The Tongass National Forest sign seen en route to the Mendenhall Glacier Visitor Center on Wednesday, Aug. 28, 2019. (Michael Penn / Juneau Empire File)

The Tongass National Forest sign seen en route to the Mendenhall Glacier Visitor Center on Wednesday, Aug. 28, 2019. (Michael Penn / Juneau Empire File)

Opinion: The Tongass could be a solution for the pandemic

Southeast Alaska now has an industry option that would generate jobs not impacted by the pandemic.

  • By Catherine M. Mater
  • Friday, February 12, 2021 11:56am
  • Opinion

By Catherine M. Mater

The surprise announcement that Sealaska Corporation has transitioned out of timber harvesting received a joyous response from many in the Alaska environmental community that believe the key economic focus for Southeast Alaska should remain in tourism and fishing.
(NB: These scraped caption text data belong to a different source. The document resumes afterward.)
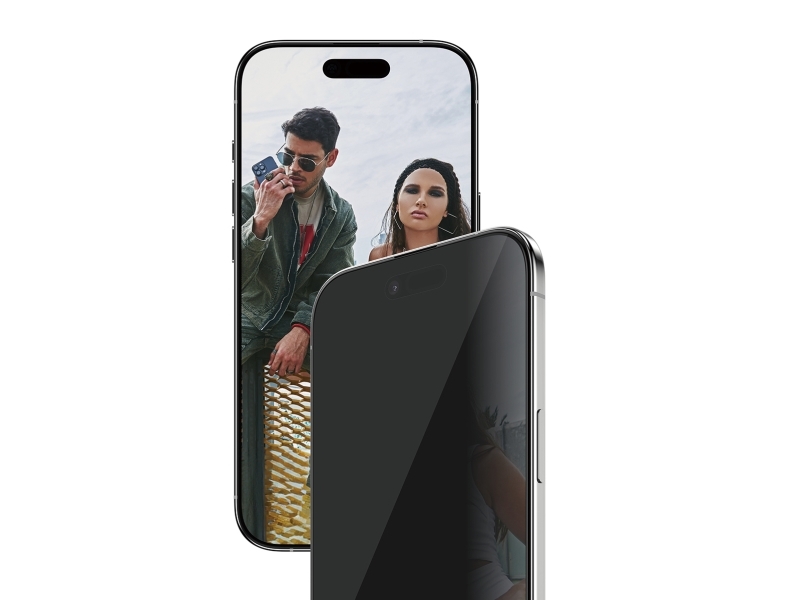 SAFE by PanzerGlass Privacy Screen Protector iPhone Air | Ultra-Wide Fit w. EasyAligner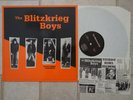 The Blitzkrieg Boys ?– Back From Nowhere  Vinyl  LP  Teenage Rebel 06
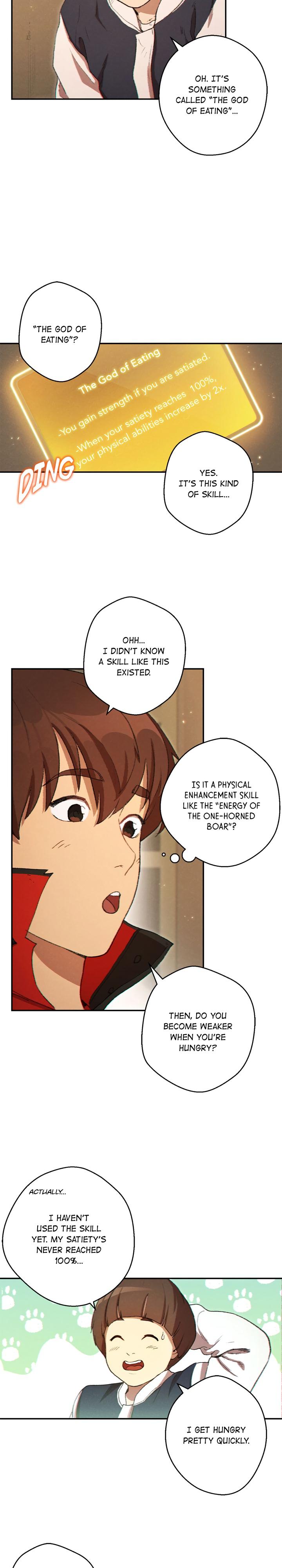 Dungeon Reset Chap 34 - Next Chap 35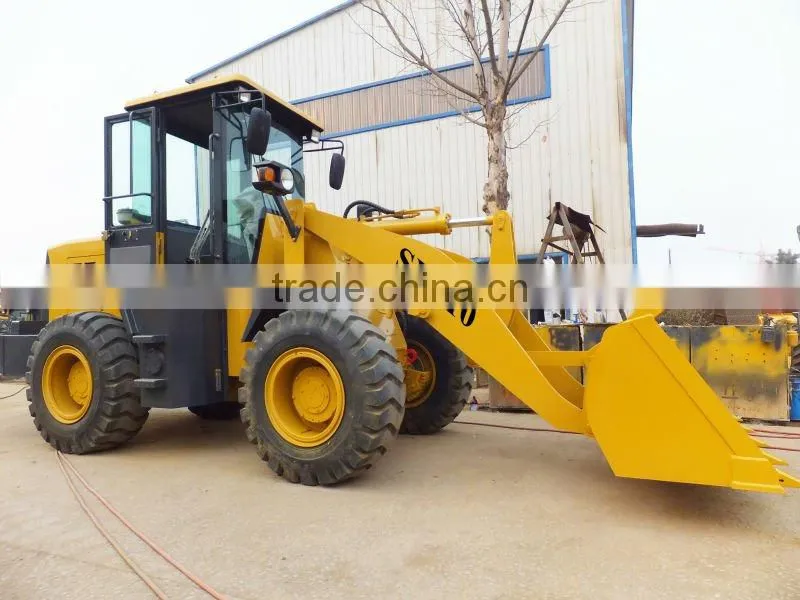 China brand SX910 1.0T mini/compact wheel loader(0.5CBM 1.0T CE approved)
While other parts of Alaska have weathered the pandemic through growth in military installations and an explosive surge in the marijuana industry, at the end of 2020 the economic outlook for Southeast appears at a breaking point. The tourism industry has cratered — 80%-90% decline in revenue — and the recurring draught caused by climate change has created one of the worst fisheries seasons in Southeast history. Anticipating a quick ‘return to normal’ for the tourism industry seems highly problematic and unreasoned following this month’s announcement that the Alaska cruise season for 2021 has been canceled at least through February 2022 due to pandemic conditions. The cruise ban also applies to adventure-seeking pleasure crafts carrying more than 12 people.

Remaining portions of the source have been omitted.